By Robert Reives II
Recent events have made all of us rethink race relations in our country. Most people want to see a true and substantive change.
When asked my perspective on this I have to say that none of the change is going to be easy. The change has to happen in all aspects of our lives and the change must have context. Change requires a strong acknowledgement of our history, an honest discussion about where we are presently, and a concrete vision of what we want our future to look like. That is far from easy because it requires uncomfortable conversations about subjects we would rather not discuss. But if we are serious about our change, these conversations need to happen. We need to alter our approaches to every part of education, health care, environmental justice, and economic empowerment just to name a few. The most obvious place to start, though, is with our criminal justice system.
For almost five years I worked as a prosecutor in the Eleventh District (Lee, Harnett and Johnston counties). The time I spent at this office was invaluable. I was truly lucky to work for an elected district attorney that was incredibly progressive for that time period in the area of race relations. Thomas Lock (now a Superior Court judge) not only made sure that he had a diverse staff, but he empowered that staff in ways rarely seen even today.
When I joined that office, I joined an office that looked like my community and an office that allowed for decisions that bettered my community. Judge Lock (who we all called Tom at the time) did not feel he was doing anyone a favor when he hired minorities but felt that he was making his office better with differing thought processes and viewpoints. He encouraged innovation and did not judge us based on how many people we could put in jail. He wanted us to figure out ways to approach problems that reduced recidivism and gave people faith and confidence in the system.
While in the office, we were allowed discretion, and discretion is incredibly important for a prosecutor. People do not fit into slots. People need to be heard — victims and accused. Some of the most rewarding cases I had were cases that did not end in a prosecution. Cases where all of us worked together, officers who knew the community, victims who knew the accused, defense attorneys who cared deeply about helping their clients, to achieve our goals.

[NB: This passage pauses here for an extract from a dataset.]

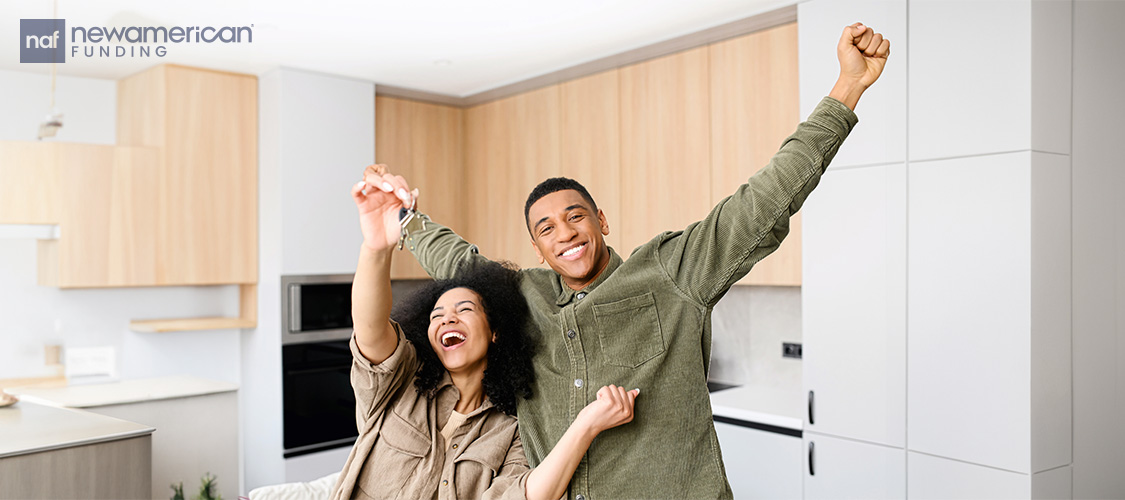 First-time buyers rejoicing after purchasing their first home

It meant a lot to African American victims of crime to come in and see faces that looked like theirs. They felt they would be heard. Just the same, it meant something to African American defendants to know they would be listened to. They did not want favor, just fairness. Our judicial system is there first and foremost of course to protect us but immediately following that the most important role is to make sure all people have faith in the system.
One of the best examples I remember is listening to one of our senior prosecutors after a big drug bust. He got a call while I was in his office from an elected official about one of the teenagers caught in the drug bust and how the teenager deserved better treatment than others. The response stayed with me: “If I give him a break then every other kid in this bust gets the same break.”
That discretion also provided the opportunity to weed out bad officers. Luckily, these were rare during my time, but when they happened, we did not turn a blind eye. The one thing I learned is that most officers do not want a bad officer around anymore than we want bad coworkers. If we had cases that did not need to be prosecuted because of an officer’s mistreatment of people of color, we could always depend on other officers to give us the heads up.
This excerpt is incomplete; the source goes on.